Transcribe the records below exactly, leaving out any pictures.

Data records:
☆ ☆ ☆
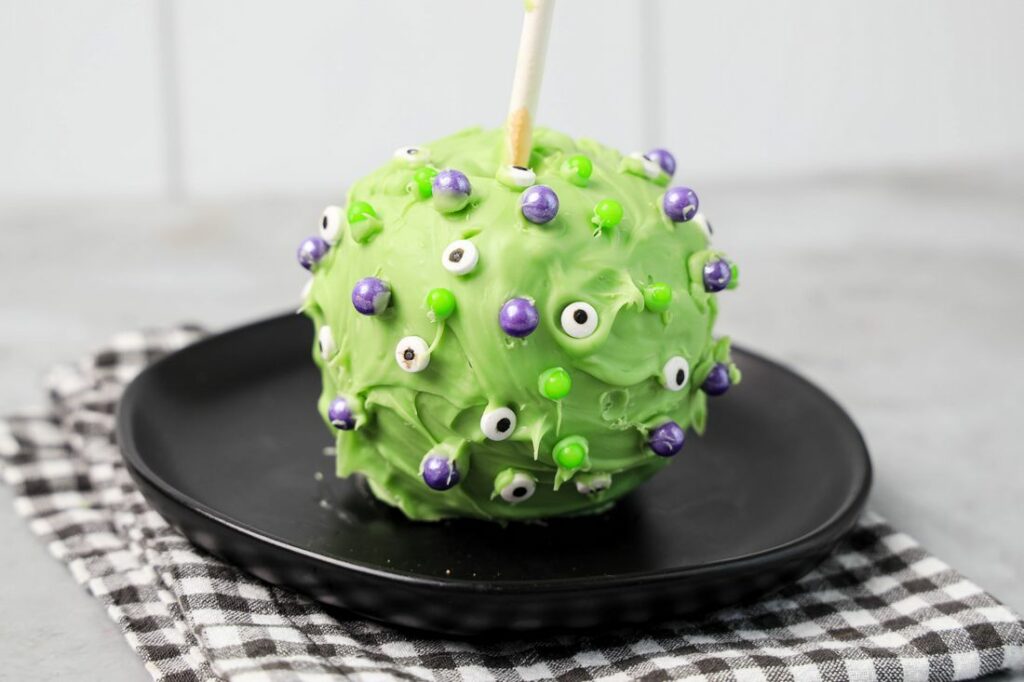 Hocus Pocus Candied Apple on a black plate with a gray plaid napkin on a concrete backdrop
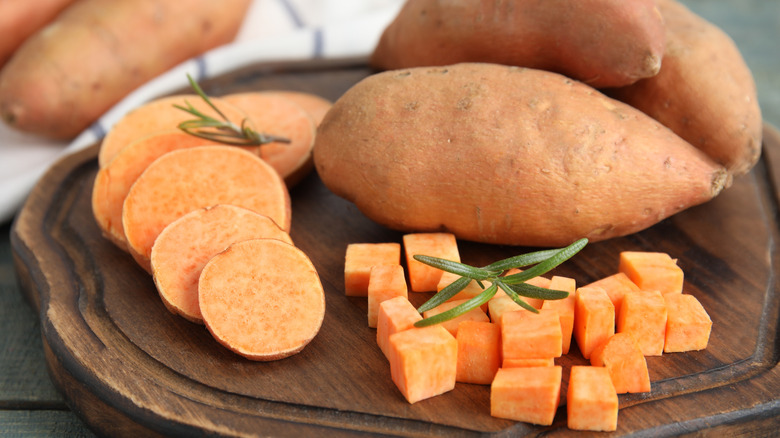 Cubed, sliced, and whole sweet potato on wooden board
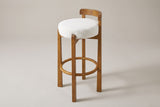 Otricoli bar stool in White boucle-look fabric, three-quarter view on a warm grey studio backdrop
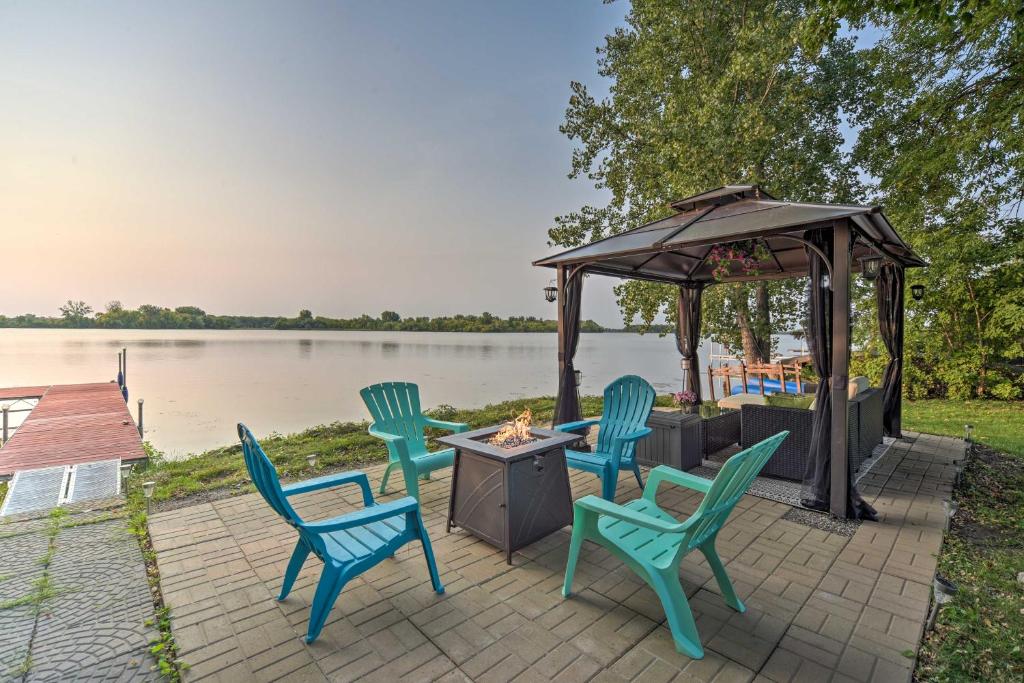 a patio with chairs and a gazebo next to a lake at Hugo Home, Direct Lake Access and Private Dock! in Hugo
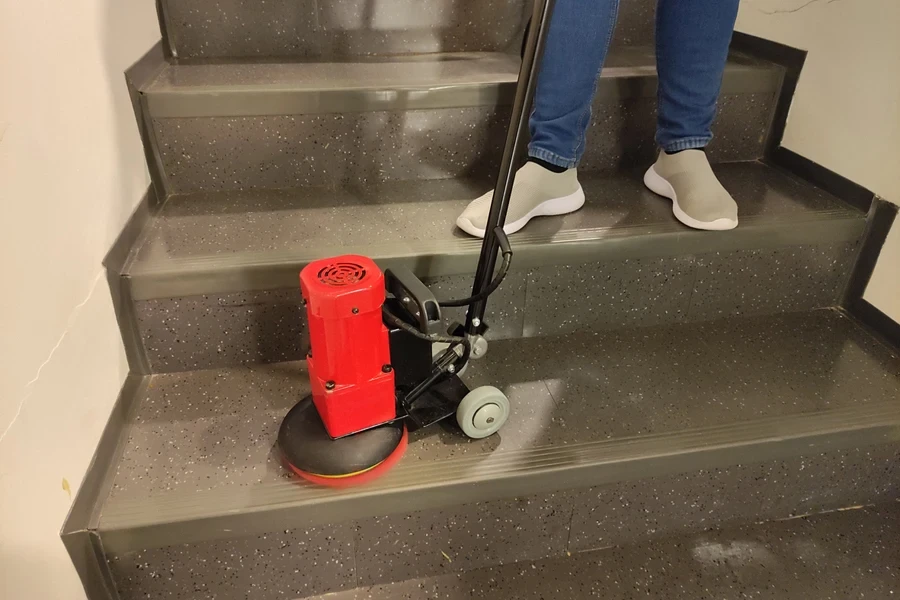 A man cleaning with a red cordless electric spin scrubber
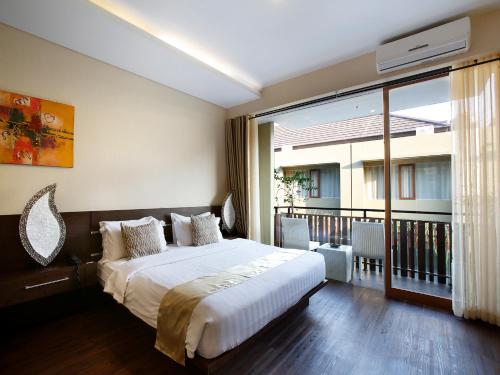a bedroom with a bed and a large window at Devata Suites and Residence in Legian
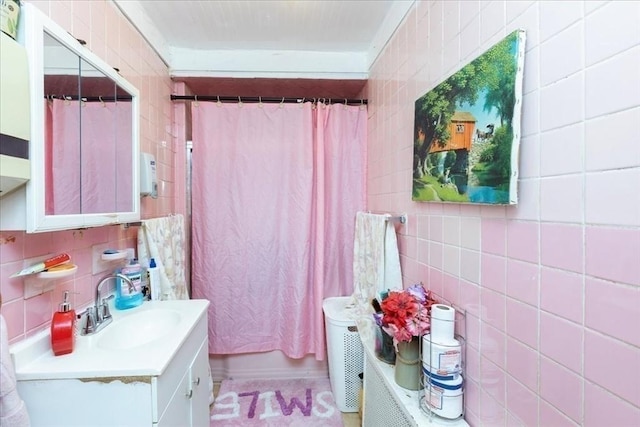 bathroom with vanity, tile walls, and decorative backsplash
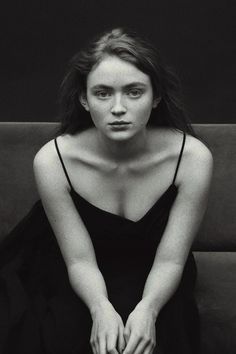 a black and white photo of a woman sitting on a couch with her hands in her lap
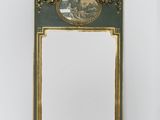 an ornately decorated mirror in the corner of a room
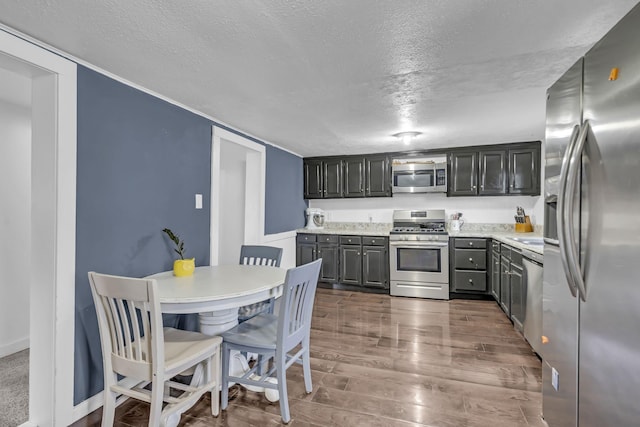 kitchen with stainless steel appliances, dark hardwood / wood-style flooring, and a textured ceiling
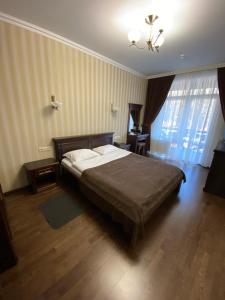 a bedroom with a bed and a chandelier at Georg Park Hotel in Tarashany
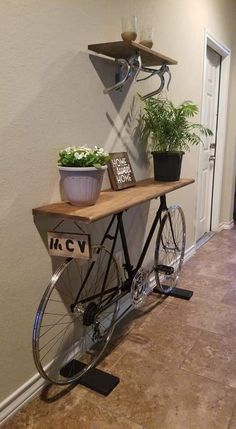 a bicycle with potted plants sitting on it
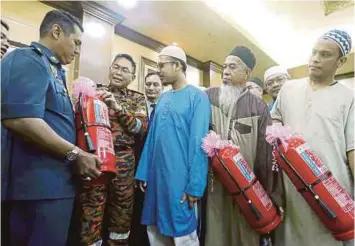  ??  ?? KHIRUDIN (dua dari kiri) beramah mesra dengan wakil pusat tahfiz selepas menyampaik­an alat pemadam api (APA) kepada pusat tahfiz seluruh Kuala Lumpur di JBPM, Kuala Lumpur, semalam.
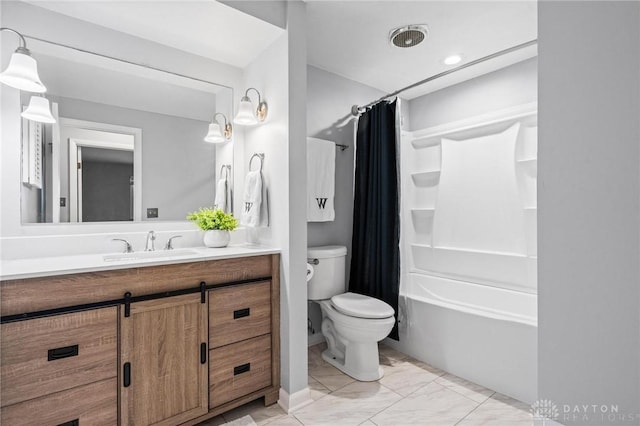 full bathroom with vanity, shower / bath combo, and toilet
☆ ☆ ☆
**OUTPUT FOR THIS EXERCISE**
 Hocus Pocus Candied Apple on a black plate with a gray plaid napkin on a concrete backdrop
 Cubed, sliced, and whole sweet potato on wooden board
 Otricoli bar stool in White boucle-look fabric, three-quarter view on a warm grey studio backdrop
 a patio with chairs and a gazebo next to a lake at Hugo Home, Direct Lake Access and Private Dock! in Hugo
 A man cleaning with a red cordless electric spin scrubber
a bedroom with a bed and a large window at Devata Suites and Residence in Legian
 bathroom with vanity, tile walls, and decorative backsplash
 a black and white photo of a woman sitting on a couch with her hands in her lap
 an ornately decorated mirror in the corner of a room
 kitchen with stainless steel appliances, dark hardwood / wood-style flooring, and a textured ceiling
 a bedroom with a bed and a chandelier at Georg Park Hotel in Tarashany
 a bicycle with potted plants sitting on it
  ??  ?? KHIRUDIN (dua dari kiri) beramah mesra dengan wakil pusat tahfiz selepas menyampaik­an alat pemadam api (APA) kepada pusat tahfiz seluruh Kuala Lumpur di JBPM, Kuala Lumpur, semalam.
 full bathroom with vanity, shower / bath combo, and toilet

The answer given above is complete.